Most of the metrics relate to the overall performance of the application or business transaction (e.g., load, average response time, error rate, etc.) or of the application server infrastructure (e.g., percentage CPU busy, percentage of memory used, etc.). The Metric Browser in the controller UI can be used to view all of the metrics that the agents report to the controller.

In addition, special metrics called information points can be created to report on how a given business (as opposed to a given application) is performing. For example, the performance of the total revenue for a certain product or set of products can be monitored. Also, information points can be used to report on how a given code is performing, for example how many times a specific method is called and how long it is taking to execute. Moreover, extensions that use the machine agent can be created to report user defined custom metrics. These custom metrics are base-lined and reported in the controller, just like the built-in metrics.

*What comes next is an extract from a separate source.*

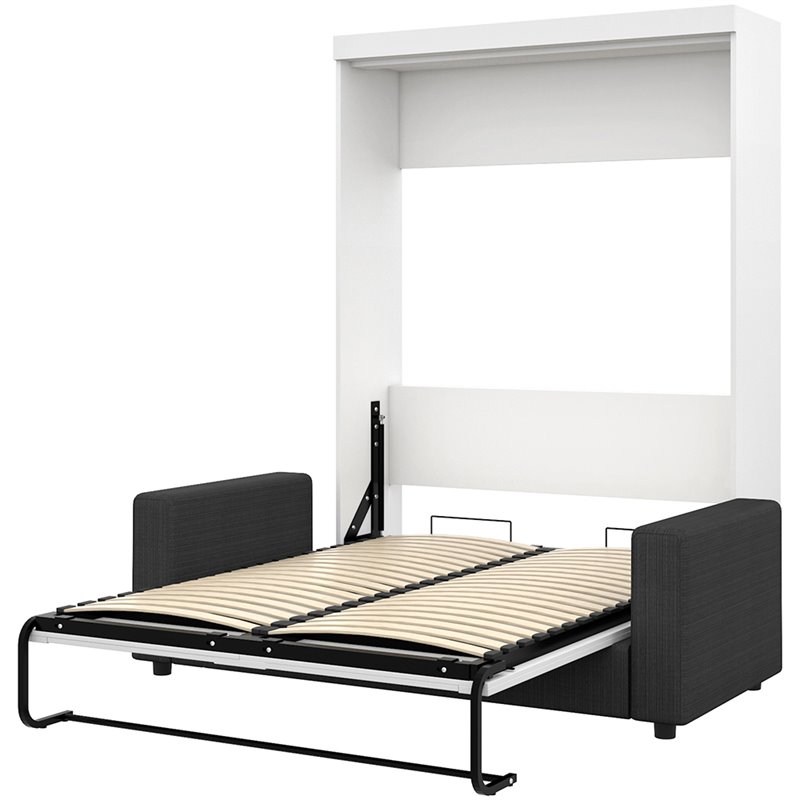 Atlin Designs 2 Piece Full Wall Bed Set in White and Gray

All metrics can be accessed programmatically using a Representational State Transfer (REST) API that returns either the JavaScript Object Notation (JSON) or the eXtensible Markup Language (XML) format. Also, the REST API can be used to query and manipulate the application environment.

Snapshots

Snapshots provide a detailed picture of a given application at a certain point in time. Snapshots usually include call graphs that allow that enables drilling down to the line of code that may be causing performance problems. The most common snapshots are transaction snapshots.

Exemplary Implementation of Application Intelligence Platform

FIG. 7 is a block diagram of an exemplary system 700 for providing displaying of complex service topology as disclosed in this patent document, including the processes disclosed with respect to FIGS. 1A through 1H. The system 700 in FIG. 7 includes client device 705 and 792, mobile device 715, network 720, network server 725, application servers 730, 740, 750 and 760, asynchronous network machine 770, data stores 780 and 785, controller 790, and data collection server 795. The controller 790 can include visualization system 796 for providing displaying of complex service topology for monitoring as disclosed in this patent document. In some implementations, the visualization system 796 can be implemented in a separate machine (e.g., a server) different from the one hosting the controller 790.

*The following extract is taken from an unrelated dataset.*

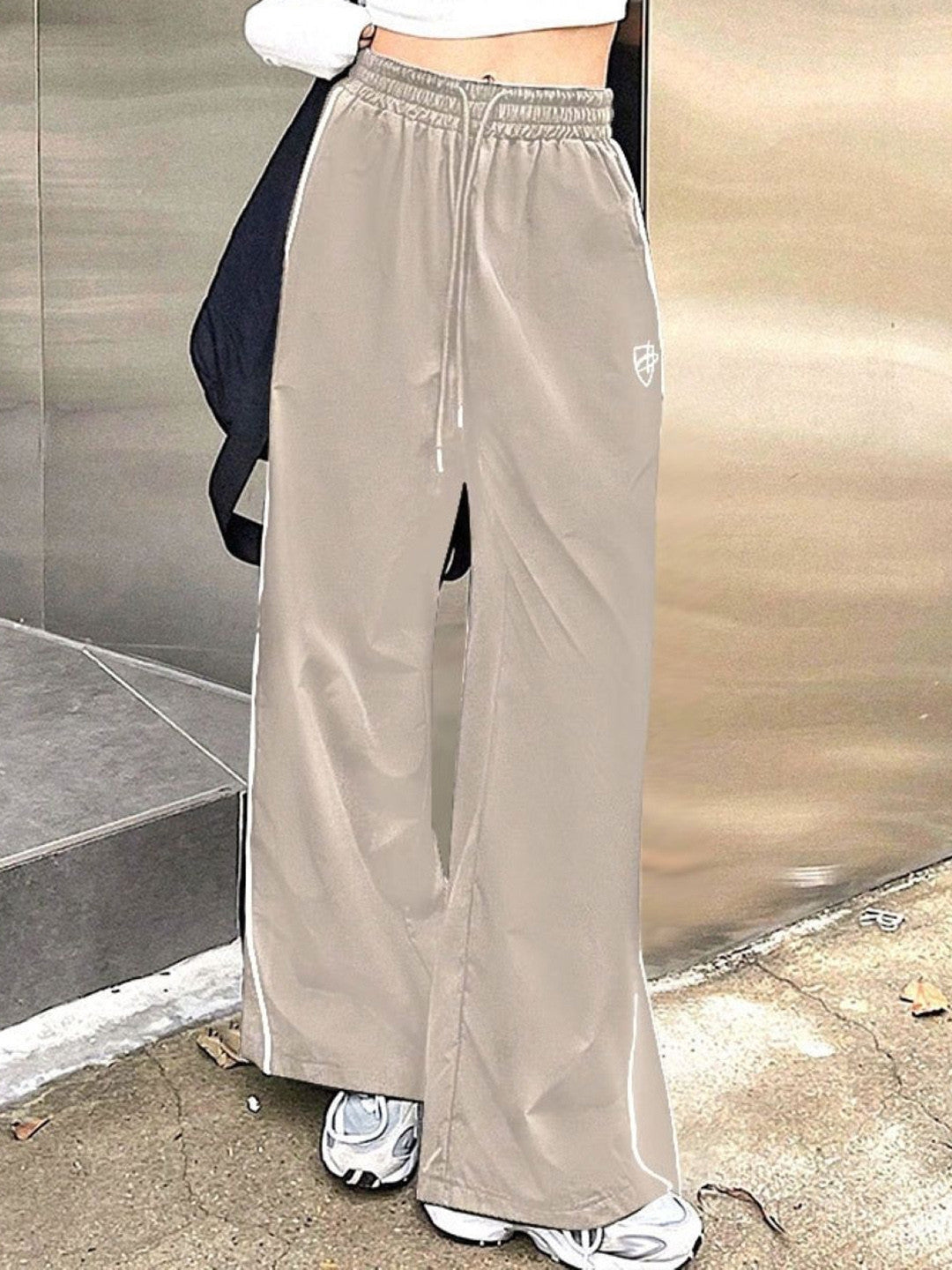 Khaki Relaxed Fit Striped Polyester Trouser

Client device 705 may include network browser 710 and be implemented as a computing device, such as for example a laptop, desktop, workstation, or some other computing device. Network browser 710 may be a client application for viewing content provided by an application server, such as application server 730 via network server 725 over network 720.

Network browser 710 may include agent 712. Agent 712 may be installed on network browser 710 and/or client 705 as a network browser add-on, downloading the application to the server, or in some other manner. Agent 712 may be executed to monitor network browser 710, the operating system of client 705, and any other application, API, or another component of client 705. Agent 712 may determine network browser navigation timing metrics, access browser cookies, monitor code, and transmit data to data collection 760, controller 790, or another device. Agent 712 may perform other operations related to monitoring a request or a network at client 705 as discussed herein.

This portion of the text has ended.